Mr. Chapman said Brookline is “protected by geography” from severe deterioration. Its auto lending is done mostly through dealers in eastern Massachusetts and neighboring Rhode Island, New Hampshire, and Connecticut — a region that Mr. Chapman said is weathering the downturn better than some other parts of the country.
Brookline is, however, tightening the criteria for borrowers. Those with credit scores below 660 accounted for 11.3% of the auto loans in the portfolio at yearend. But of the loans originated in the fourth quarter, only 7.2% were to borrowers with credit scores that low.
Brookline entered auto lending in February 2003, bringing on a team from U.S. Trust Co. It had completed its second-step conversion to a public company in July 2002, raising about $330 million in capital and it was looking for opportunities to put the money to work.
Mr. Chapman said the team was available because it had been let go after U.S. Trust merged with Royal Bank of Scotland’s Citizens Financial Group Inc., which already had its own fully staffed auto lending business.
“It was a unique opportunity, and it has worked out well,” Mr. Chapman said. “We went from a standing start in February 2003 to roughly a $600 million portfolio at the end of 2007.”
He said Brookline averages about $25 million to $30 million monthly in auto loans, though it intends to slow the pace this year because of deteriorating economic conditions.
The average life of an auto loan is under 30 months, which Mr. Chapman said was particularly attractive early on when interest rates were rising. “There’s a lot of cash flow, and we were able to recycle that cash flow into much higher-yielding loans.”
He said auto lending helps Brookline diversify its portfolio, of which roughly half, or $1 billion, is mortgages. Autos make up its second largest loan segment at $594 million as of Dec. 31.
The company also owns a majority stake in Eastern Funding, a specialty lender to small businesses such as dry cleaners, coin-operated laundries, and neighborhood markets. Those loans total about $140 million, and the average rate earned on them last year was 10.58%.

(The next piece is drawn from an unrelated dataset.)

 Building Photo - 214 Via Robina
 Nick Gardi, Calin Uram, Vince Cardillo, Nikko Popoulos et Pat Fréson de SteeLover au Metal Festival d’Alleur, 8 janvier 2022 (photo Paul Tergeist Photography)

Mr. Timmons said losses also rose on the Eastern Funding portfolio, hitting 1.02% of average loans outstanding in the fourth quarter, compared to a rate of 0.82% for the full year.
But he said the double-digit yields make those loans worthwhile, particularly since Brookline’s residential mortgage and commercial loans continue to perform very well.
Mr. Chapman said he prefers spread businesses because fee-based business lines such as money management and insurance can eat up a lot of management’s time. Though some companies have a thriving money management business, he questions whether the insurance business is profitable for many of the companies that have tried it.
Brookline’s capital ratio is still above 20%, so it continues to look for other business investment opportunities, Mr. Chapman said.
It bought Medford Co-operative Bank in January 2005 and is open to making another bank acquisition, he said. But “prices have been high,” so it began to return some of the capital to shareholders by paying extra dividends in 2003, he said.
Mr. Timmons views Brookline as more of a target than an acquirer, because both the CEO and chief financial officer are over 60 years old and the company is in a demographically attractive market, he said. It has 16 branches in Middlesex, Norfolk, and Suffolk counties, and the median household income of $79,700 for that area is 25% above the state median and 55% above the national median.
Mr. Timmons said that a sale is unlikely to happen soon with the credit cycle causing a virtual halt on all merger activity in the banking sector, but that he expects buyers to approach Brookline once the uncertainty clears.
Mr. Timmons set a target of $12 for Brookline’s share price partly because of the potential takeout value.
He also said Brookline’s stock price has little downside risk, given the company’s tangible book value of $8.10 a share.
The stock was trading at $10.05 late Monday.